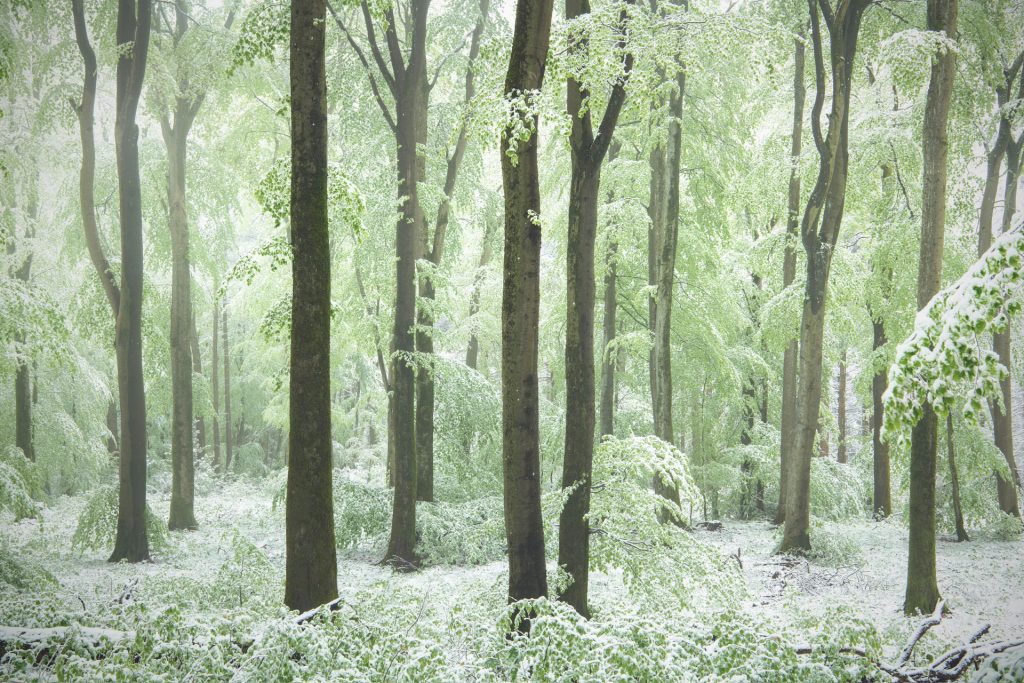 wintereinbruch fruehling wald 1905041029 wintereinbruch fruehling wald 1905041029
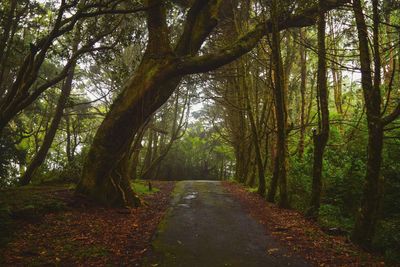 Empty road along trees in forest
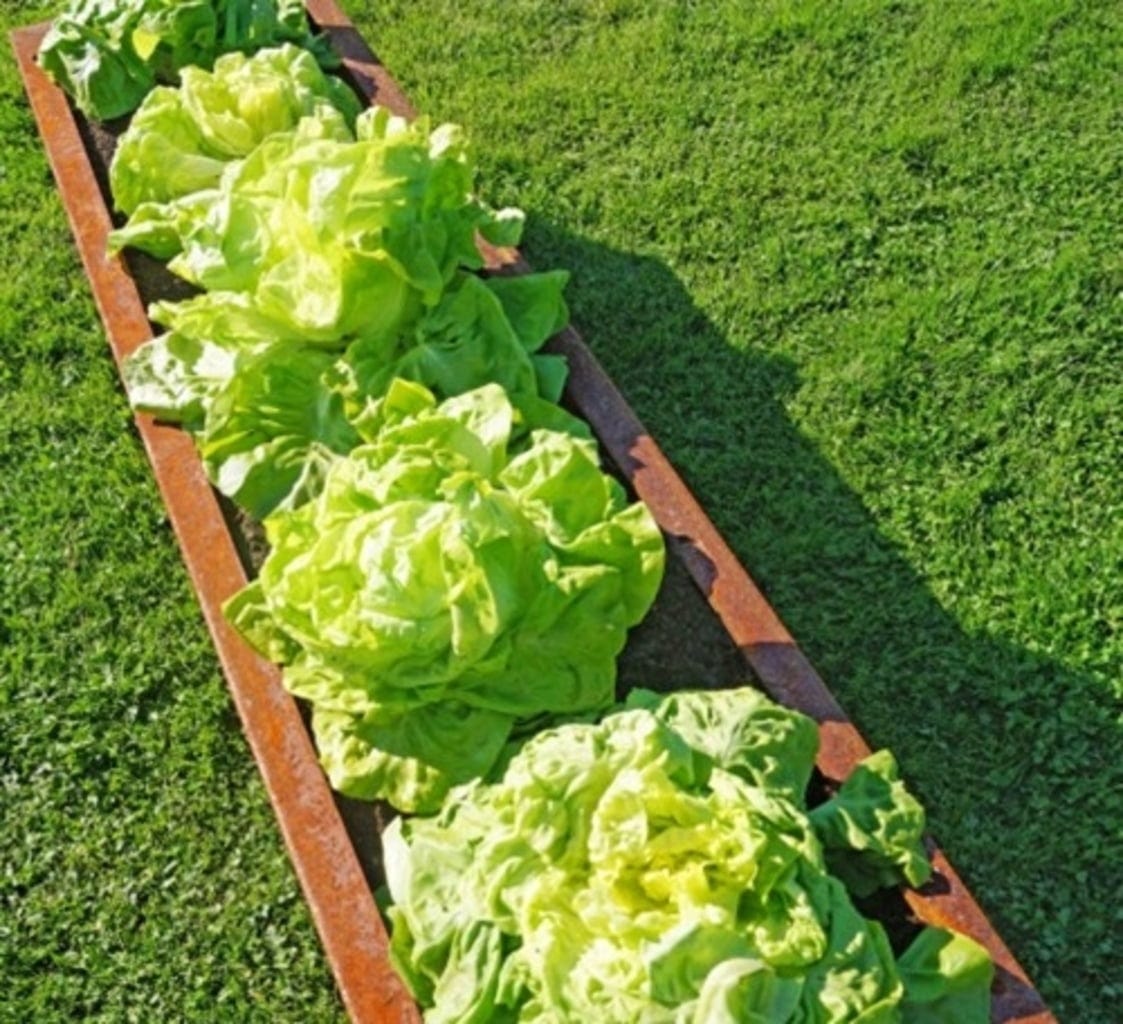  Hochbeet Edelrost "Planus", 158 X 38 Cm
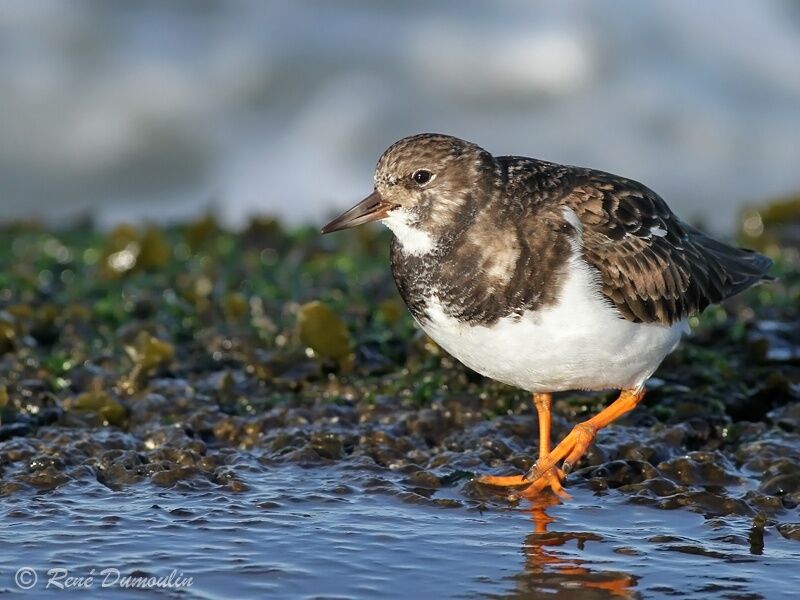 Tournepierre à collier, identification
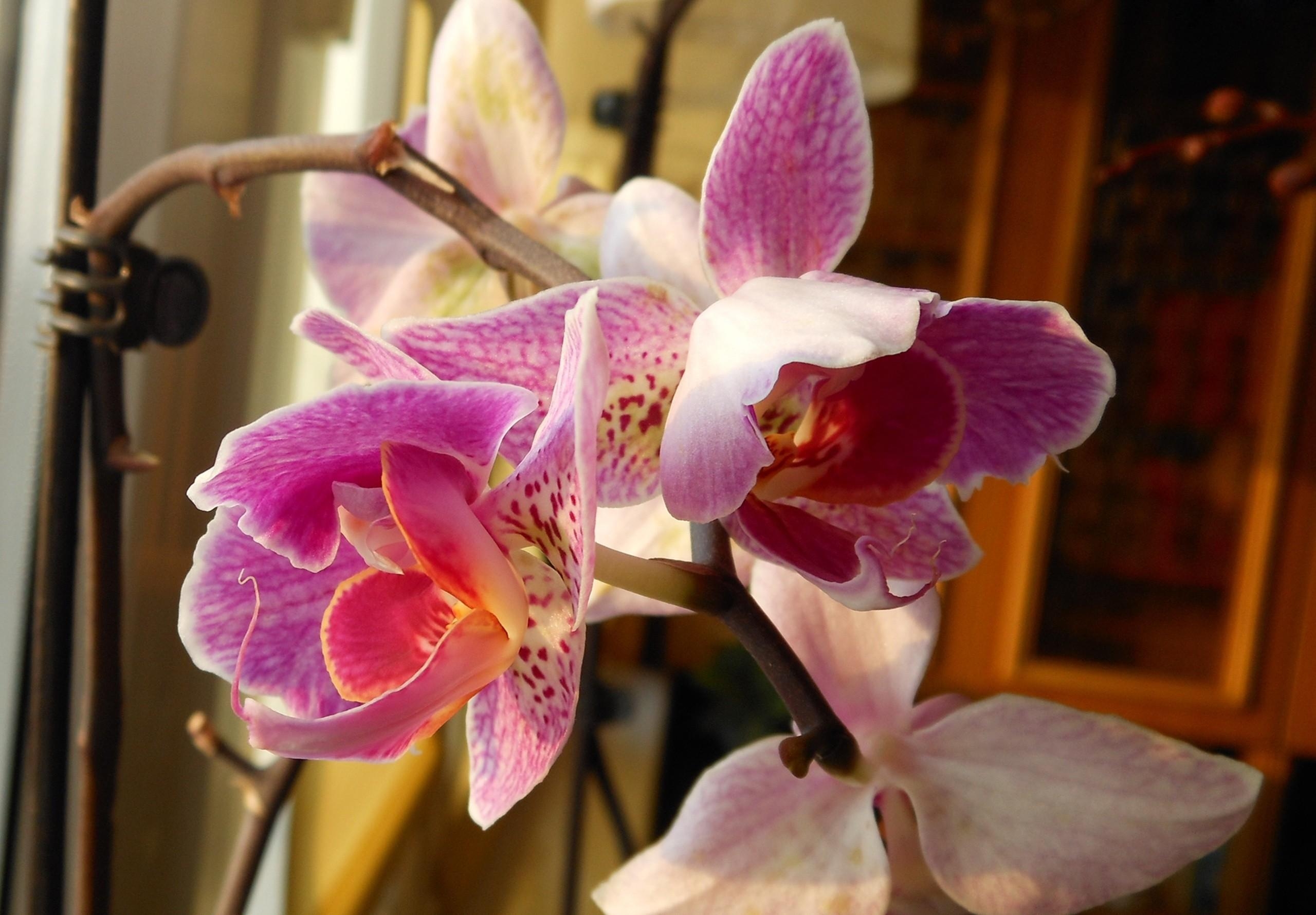 121307 Bildschirmschoner und Hintergrundbilder Orchidee auf Ihrem Telefon. Laden Sie orchid, nahaufnahme, zweig, blumen Bilder kostenlos herunter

• • • •

YOUR TASK: To answer, repeat exactly the lines from the line containing "158 X 38 Cm" through the last line of the data above, leaving out all pictures.

SOLUTION TO THIS EXERCISE:
  Hochbeet Edelrost "Planus", 158 X 38 Cm
 Tournepierre à collier, identification
 121307 Bildschirmschoner und Hintergrundbilder Orchidee auf Ihrem Telefon. Laden Sie orchid, nahaufnahme, zweig, blumen Bilder kostenlos herunter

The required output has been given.